Dell PowerVault ME4 Series Storage System CLI Guide

Using a script to access the CLI

Basic command-line semantics provide prompts for user input, and response time is indeterminate. Scripts need to use an “expect”-type mechanism to scan output for prompts. It is recommended and more efficient to use the HTTP interface to access the API.

Two login methods are supported:

• HTTPS authentication using an SHA256 hash to return a session key that is sent for each request. The session key is valid has a 30-minute inactivity timeout. Use of SHA256 is now recommended instead of MD5, which is deprecated.

  To log in to the HTTPS API, the username and password must be joined with an underscore as a separator (username_password). The username and password is then sent through an SHA256 hash. The SHA256 hash is represented in lower case hexadecimal format. This string is appended to the login function for the API, https://IP-address/api/login/hash. For example:

  https://10.0.0.2/api/login/539e12f63b693a9970a97b885e857f8b

• HTTPS basic authentication using the Authorization header. If this login method is used, the username and password must be joined with a ‘:’ (username:password) and then encoded in Base64. For example:

  Authorization: Basic base64-string

  Use the following URL for basic authentication:

  https://IP-address/api/login

For both methods, the response that is returned is in XML and the content contains an OBJECT element. Within the OBJECT element, a PROPERTY element with the name attribute of response contains the session key. These XML API elements are described in Table 1.

The following example shows how to construct a Perl script to communicate with the XML API using HTTPS:

# export HTTPS_CA_FILE=path-to-certificate

# Include required libraries
 use LWP::UserAgent;
 use Digest::SHA qw(sha256_hex); 
 use XML::LibXML;

# Generate the login hash used to authenticate the user. The username 
# and password are hard coded here to illustrate the requirements for the string.
# The user name and password must be joined with an underscore.

my $auth_data = "username_password";
my $sha256_hash = sha256_hex( $auth_data );

# Create a user agent for sending https requests and generate a request object.

$user_agent = LWP::UserAgent->new( );
$url = 'https://IP-address/api/login/' . $sha256_hash;
$request = HTTP::Request->new( GET => $url );

# Send the request object to the system.

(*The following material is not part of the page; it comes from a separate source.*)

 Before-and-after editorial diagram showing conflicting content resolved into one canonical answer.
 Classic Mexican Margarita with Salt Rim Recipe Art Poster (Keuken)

The response will be returned.
$response = $user_agent->request($request);

# Once the script has logged in, the response returns back a session key.
# This code shows how to retrieve that session key.

my $parser = XML::LibXML->new();
my $document = $parser->parse_string( $response->content );

my $root = $document->getDocumentElement;
my @objects = $root->getElementsByTagName( 'OBJECT' );
my @properties = $objects[0]->getElementsByTagName( 'PROPERTY' ); 
my $sessionKey;
foreach my $property ( @properties ) {
my $name = $property->getAttribute( 'name' );

if( $name eq 'response' ) {
$sessionKey = $property->textContent;
}
}

The following example shows how to construct a Python script to communicate with the JSON API using HTTPS:

import sys 
import requests 
import json 
import hashlib

# NOTE: This is to suppress the insecure connection warning for certificate
# verification.
from requests.packages.urllib3.exceptions import InsecureRequestWarning 
requests.packages.urllib3.disable_warnings(InsecureRequestWarning)

url = "https://IP-address"
auth_string = hashlib.sha256('username_password').hexdigest()

# Login and obtain the session key. 
headers = {'datatype':'json'}
r = requests.get(url + '/api/login/' + auth_string, headers=headers, verify=False ) 
response = json.loads(r.content)
sessionKey = response['status'][0]['response']

# Obtain the health of the system
headers = {'sessionKey': sessionKey, 'datatype':'json'}
r = requests.get(url+'/api/show/system', headers=headers, verify=False) 
print r.content
response = json.loads(r.content)
print "Health = " + response['system'][0]['health']

The following code segment shows how to get the entire configuration information from the CLI and print the output using the ipa option for XML output:

$url = 'https://IP-address/api/show/configuration';
$request = HTTP::Request->new(GET => $url );
$request->header('sessionKey' => $sessionKey );
$request->header('dataType' => 'ipa' );

$response = $user_agent->request( $request ); 
print $response->content;

Alternatively, the dataType in the request header can be set to json for JSON output, or to console for standard CLI text output. Do not use the console output should for parsing. However, the console output can be useful for tabular reports that are obtained directly from the CLI commands.